Small, fast, and almost affordable.
WILD WILD WEST
Can get noisy; easy to accidentally hit buttons on top.
Just how much power can you stuff into a small form factor rig? Ask that question of Digital Storm and the company will likely lay its fabulous Black Ops Enix on you.
Using Silverstone’s wickedly cool Fortress FT03 case, the Enix is like your typical small form factor lunch-box design, turned on its head. This gives it a couple of big advantages. The most obvious one is as clear as a skyscraper: a footprint that’s little larger than a piece of binder paper. The second advantage is thermals. Heat likes to rise, and with the GPUs’ exhaust ports pointed straight up, hot air quickly passes through the system.
The hardware itself is top of the line: Intel’s new 3.4GHz Core i7-2600K (more about that later), a pair of GeForce GTX 580 cards, 8GB of Corsair DDR3/1600, a 120GB Corsair SSD, a 1TB WD Black drive, a slot-load Blu-ray combo drive, and a 1KW power supply. Cooling is provided by a Corsair Hydro H70. We already know the Sandy Bridge processors overclock like a mother on air, but the water-cooling lets Digital Storm push the 2600K from 3.4GHz to 4.7GHz. To get a little more oomph, Digital Storm also adds a little Turbo Boost 2 to the mix. What this does is clock the processor from roughly 4.7GHz to 5.2GHz.
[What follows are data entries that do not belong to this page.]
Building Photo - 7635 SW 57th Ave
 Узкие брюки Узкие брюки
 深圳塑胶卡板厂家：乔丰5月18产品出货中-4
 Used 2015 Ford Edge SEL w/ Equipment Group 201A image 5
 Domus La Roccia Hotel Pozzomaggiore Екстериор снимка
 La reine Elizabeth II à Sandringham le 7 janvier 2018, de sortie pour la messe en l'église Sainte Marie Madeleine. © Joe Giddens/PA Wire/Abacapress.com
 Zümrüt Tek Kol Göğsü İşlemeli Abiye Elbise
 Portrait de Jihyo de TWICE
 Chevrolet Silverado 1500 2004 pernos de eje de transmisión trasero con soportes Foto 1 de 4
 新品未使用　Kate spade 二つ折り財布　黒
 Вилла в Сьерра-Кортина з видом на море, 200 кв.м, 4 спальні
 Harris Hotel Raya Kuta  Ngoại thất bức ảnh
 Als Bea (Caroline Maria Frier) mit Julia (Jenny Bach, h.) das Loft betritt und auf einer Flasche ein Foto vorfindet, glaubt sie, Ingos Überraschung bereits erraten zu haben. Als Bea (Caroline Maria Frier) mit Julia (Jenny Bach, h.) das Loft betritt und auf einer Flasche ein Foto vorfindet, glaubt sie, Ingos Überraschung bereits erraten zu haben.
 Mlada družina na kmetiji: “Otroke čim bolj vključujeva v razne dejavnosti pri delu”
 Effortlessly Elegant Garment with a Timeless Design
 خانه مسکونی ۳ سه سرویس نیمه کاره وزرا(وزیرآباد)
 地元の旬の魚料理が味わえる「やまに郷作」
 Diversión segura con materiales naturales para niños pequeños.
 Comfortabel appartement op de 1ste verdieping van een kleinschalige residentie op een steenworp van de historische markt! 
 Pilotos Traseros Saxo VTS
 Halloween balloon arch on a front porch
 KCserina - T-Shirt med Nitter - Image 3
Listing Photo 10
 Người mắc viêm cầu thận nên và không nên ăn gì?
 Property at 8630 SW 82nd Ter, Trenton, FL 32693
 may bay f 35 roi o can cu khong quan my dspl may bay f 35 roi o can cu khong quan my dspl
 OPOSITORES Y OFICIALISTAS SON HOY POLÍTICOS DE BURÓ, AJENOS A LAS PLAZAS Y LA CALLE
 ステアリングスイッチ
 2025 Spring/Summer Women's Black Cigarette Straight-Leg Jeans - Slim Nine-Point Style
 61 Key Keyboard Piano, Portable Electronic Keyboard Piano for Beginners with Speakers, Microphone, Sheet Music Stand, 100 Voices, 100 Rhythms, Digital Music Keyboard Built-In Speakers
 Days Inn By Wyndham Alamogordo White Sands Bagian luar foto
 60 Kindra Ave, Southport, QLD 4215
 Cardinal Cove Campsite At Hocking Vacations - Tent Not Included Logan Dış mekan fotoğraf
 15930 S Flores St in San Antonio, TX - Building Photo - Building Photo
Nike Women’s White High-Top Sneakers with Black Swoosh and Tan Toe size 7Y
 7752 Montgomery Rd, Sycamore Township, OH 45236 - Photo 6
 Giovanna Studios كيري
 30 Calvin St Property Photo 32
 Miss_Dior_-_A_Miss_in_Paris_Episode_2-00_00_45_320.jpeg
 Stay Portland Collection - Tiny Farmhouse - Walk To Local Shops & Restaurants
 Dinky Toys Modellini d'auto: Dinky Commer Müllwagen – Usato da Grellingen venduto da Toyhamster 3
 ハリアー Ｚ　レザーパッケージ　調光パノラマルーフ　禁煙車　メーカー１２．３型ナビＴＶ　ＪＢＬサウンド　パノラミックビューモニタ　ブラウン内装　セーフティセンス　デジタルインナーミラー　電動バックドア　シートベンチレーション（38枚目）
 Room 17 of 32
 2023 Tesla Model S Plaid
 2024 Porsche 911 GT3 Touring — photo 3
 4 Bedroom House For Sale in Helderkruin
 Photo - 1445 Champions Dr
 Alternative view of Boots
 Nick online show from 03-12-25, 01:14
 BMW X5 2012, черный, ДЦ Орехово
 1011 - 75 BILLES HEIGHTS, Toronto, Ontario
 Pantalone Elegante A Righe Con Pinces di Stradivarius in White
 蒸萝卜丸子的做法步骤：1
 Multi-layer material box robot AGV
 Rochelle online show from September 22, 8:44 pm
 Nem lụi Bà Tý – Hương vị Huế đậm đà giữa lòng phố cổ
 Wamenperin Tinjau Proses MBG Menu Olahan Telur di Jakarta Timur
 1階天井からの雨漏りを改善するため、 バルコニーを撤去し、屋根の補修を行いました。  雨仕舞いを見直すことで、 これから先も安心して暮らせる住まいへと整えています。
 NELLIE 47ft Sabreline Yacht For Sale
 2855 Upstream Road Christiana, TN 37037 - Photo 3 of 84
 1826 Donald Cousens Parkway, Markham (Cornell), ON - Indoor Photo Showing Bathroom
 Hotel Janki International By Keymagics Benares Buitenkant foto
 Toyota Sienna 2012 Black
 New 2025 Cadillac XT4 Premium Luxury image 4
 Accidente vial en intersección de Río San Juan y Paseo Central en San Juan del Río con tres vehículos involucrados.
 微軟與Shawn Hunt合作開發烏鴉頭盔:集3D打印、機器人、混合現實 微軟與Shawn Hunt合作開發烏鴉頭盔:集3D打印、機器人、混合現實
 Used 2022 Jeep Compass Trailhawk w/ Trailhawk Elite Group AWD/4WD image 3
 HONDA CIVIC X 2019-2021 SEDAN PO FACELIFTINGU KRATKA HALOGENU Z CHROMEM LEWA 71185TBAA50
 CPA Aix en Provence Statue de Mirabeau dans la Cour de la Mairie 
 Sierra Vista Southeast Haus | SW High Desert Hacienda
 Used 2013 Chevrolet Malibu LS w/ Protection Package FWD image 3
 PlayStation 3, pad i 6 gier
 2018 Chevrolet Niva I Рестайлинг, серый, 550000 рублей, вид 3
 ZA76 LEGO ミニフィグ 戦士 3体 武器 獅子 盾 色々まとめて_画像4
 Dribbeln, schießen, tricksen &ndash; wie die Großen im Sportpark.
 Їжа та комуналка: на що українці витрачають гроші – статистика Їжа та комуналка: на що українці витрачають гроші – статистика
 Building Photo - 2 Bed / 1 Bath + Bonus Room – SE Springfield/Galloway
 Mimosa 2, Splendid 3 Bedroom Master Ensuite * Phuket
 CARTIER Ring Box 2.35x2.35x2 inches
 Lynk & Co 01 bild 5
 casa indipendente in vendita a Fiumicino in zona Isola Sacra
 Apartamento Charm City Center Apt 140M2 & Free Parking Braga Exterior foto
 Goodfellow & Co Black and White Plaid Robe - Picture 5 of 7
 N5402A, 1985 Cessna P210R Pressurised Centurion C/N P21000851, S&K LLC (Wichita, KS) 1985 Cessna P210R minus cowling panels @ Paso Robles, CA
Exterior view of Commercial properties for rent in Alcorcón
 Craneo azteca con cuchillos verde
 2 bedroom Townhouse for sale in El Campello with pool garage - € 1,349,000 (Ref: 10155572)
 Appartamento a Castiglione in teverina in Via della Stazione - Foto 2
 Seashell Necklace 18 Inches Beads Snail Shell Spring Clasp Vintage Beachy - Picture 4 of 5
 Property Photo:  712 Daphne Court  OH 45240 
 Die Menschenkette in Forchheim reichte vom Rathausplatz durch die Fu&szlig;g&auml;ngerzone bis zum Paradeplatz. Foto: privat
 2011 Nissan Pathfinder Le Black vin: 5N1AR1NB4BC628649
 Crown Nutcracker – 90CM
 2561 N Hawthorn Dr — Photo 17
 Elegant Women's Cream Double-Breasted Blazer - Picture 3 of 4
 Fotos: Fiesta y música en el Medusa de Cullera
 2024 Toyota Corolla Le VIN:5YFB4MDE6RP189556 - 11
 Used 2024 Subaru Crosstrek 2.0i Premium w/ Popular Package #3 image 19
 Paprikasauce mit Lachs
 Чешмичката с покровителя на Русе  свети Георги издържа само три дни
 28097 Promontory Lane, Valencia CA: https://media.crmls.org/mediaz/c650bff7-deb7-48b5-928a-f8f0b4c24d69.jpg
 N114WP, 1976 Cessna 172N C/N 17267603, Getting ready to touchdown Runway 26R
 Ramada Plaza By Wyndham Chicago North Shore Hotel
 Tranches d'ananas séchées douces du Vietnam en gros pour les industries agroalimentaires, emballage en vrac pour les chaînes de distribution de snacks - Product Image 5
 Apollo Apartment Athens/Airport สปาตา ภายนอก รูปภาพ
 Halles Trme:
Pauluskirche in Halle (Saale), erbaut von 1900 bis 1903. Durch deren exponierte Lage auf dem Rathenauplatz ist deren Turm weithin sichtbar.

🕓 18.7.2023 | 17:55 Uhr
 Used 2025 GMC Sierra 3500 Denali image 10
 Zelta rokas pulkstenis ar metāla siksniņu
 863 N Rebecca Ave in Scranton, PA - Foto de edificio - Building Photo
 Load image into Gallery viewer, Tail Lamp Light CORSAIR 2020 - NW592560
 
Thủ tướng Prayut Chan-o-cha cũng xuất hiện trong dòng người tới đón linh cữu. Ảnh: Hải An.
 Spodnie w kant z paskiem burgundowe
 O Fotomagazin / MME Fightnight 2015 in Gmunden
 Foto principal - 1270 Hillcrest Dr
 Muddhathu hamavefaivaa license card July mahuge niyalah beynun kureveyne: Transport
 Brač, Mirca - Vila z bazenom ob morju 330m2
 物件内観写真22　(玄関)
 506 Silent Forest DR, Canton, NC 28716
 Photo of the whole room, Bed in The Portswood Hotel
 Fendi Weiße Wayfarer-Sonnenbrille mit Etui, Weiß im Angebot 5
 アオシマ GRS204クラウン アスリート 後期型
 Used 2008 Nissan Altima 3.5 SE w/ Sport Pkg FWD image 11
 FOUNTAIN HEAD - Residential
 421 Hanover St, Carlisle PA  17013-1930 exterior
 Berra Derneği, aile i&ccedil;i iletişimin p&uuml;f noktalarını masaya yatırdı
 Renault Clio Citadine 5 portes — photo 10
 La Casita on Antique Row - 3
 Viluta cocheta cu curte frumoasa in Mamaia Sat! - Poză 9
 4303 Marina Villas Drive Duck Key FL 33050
Digital Storm’s tower of power can keep up with bigger, heavier desktops.
The extra boost in clock speed helps this rig squeeze by Falcon Northwest’s Mach V that we reviewed in the February issue. The Mach V had its 2600K clocked up to 4.7GHz but didn’t push the Turbo Boost 2 to 5.2GHz. Thus, the smaller Enix edges by the Mach V in our Vegas Pro, ProShow, and Reference benchmarks by about 5 percent. In fact, the Enix is now the record holder in our ProShow Producer 4.0 benchmark. Not too shabby for such a compact rig. It also achieved Far Cry 2 scores about 9 percent faster than the Falcon’s. The record, believe it or not, still belongs to the last Digital Storm machine we reviewed exactly a year ago. That rig, we must note, had three graphics cards.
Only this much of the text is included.